### What the task requires
Output only the lines of the entries that follow, starting at the one with "Fun School 2" and running down to the one with "Anúncio Coração Anjo", both included and unchanged.

Data items
"""
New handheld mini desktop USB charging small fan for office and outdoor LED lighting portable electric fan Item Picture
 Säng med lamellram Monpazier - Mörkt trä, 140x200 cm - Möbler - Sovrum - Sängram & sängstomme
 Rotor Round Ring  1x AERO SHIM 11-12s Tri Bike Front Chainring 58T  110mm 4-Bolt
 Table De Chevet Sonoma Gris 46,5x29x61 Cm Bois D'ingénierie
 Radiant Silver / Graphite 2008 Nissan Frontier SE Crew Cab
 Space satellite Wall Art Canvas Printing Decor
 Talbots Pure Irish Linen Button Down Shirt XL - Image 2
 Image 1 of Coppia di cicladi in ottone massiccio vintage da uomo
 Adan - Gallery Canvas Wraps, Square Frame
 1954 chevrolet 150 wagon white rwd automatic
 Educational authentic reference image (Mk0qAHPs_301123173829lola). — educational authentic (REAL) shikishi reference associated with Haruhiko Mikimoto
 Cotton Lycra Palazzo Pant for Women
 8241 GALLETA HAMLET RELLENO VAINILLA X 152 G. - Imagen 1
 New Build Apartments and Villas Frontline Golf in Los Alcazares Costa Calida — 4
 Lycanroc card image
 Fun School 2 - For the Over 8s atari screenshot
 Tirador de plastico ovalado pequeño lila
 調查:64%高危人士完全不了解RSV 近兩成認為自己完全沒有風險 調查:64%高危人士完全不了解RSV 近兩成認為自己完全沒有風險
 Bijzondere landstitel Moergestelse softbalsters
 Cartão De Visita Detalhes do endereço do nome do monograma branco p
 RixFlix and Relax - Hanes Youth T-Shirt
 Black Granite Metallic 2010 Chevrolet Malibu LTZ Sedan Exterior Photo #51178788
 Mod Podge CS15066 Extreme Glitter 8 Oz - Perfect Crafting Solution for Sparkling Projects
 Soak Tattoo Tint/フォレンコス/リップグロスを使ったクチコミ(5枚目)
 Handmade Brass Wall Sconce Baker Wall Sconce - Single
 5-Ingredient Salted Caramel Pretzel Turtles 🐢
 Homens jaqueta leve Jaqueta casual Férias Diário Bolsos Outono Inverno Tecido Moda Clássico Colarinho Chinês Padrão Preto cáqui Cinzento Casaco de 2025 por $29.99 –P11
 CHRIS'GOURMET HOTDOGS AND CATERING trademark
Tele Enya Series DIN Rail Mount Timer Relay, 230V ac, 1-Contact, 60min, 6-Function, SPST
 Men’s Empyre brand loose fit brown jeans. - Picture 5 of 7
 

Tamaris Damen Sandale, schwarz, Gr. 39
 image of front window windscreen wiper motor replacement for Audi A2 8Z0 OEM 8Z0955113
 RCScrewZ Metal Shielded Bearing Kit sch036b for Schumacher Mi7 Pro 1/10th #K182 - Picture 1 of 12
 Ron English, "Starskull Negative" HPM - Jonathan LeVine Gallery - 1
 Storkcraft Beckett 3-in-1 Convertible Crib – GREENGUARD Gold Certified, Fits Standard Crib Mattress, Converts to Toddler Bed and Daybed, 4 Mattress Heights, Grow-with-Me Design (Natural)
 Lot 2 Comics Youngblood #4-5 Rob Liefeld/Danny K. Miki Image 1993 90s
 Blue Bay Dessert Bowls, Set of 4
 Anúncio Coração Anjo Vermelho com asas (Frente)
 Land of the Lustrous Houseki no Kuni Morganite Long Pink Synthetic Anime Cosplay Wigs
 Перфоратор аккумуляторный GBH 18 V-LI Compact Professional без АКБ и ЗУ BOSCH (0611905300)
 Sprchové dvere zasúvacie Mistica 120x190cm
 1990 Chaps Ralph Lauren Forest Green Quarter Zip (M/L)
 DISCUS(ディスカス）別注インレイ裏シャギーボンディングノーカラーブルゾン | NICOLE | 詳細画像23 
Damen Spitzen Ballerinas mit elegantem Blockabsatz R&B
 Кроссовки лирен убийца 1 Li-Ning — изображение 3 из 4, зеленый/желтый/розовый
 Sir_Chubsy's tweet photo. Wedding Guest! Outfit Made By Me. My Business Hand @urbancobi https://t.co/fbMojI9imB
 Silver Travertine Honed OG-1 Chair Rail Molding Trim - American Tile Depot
"""
### Solution
 Fun School 2 - For the Over 8s atari screenshot
 Tirador de plastico ovalado pequeño lila
 調查:64%高危人士完全不了解RSV 近兩成認為自己完全沒有風險 調查:64%高危人士完全不了解RSV 近兩成認為自己完全沒有風險
 Bijzondere landstitel Moergestelse softbalsters
 Cartão De Visita Detalhes do endereço do nome do monograma branco p
 RixFlix and Relax - Hanes Youth T-Shirt
 Black Granite Metallic 2010 Chevrolet Malibu LTZ Sedan Exterior Photo #51178788
 Mod Podge CS15066 Extreme Glitter 8 Oz - Perfect Crafting Solution for Sparkling Projects
 Soak Tattoo Tint/フォレンコス/リップグロスを使ったクチコミ(5枚目)
 Handmade Brass Wall Sconce Baker Wall Sconce - Single
 5-Ingredient Salted Caramel Pretzel Turtles 🐢
 Homens jaqueta leve Jaqueta casual Férias Diário Bolsos Outono Inverno Tecido Moda Clássico Colarinho Chinês Padrão Preto cáqui Cinzento Casaco de 2025 por $29.99 –P11
 CHRIS'GOURMET HOTDOGS AND CATERING trademark
Tele Enya Series DIN Rail Mount Timer Relay, 230V ac, 1-Contact, 60min, 6-Function, SPST
 Men’s Empyre brand loose fit brown jeans. - Picture 5 of 7
 

Tamaris Damen Sandale, schwarz, Gr. 39
 image of front window windscreen wiper motor replacement for Audi A2 8Z0 OEM 8Z0955113
 RCScrewZ Metal Shielded Bearing Kit sch036b for Schumacher Mi7 Pro 1/10th #K182 - Picture 1 of 12
 Ron English, "Starskull Negative" HPM - Jonathan LeVine Gallery - 1
 Storkcraft Beckett 3-in-1 Convertible Crib – GREENGUARD Gold Certified, Fits Standard Crib Mattress, Converts to Toddler Bed and Daybed, 4 Mattress Heights, Grow-with-Me Design (Natural)
 Lot 2 Comics Youngblood #4-5 Rob Liefeld/Danny K. Miki Image 1993 90s
 Blue Bay Dessert Bowls, Set of 4
 Anúncio Coração Anjo Vermelho com asas (Frente)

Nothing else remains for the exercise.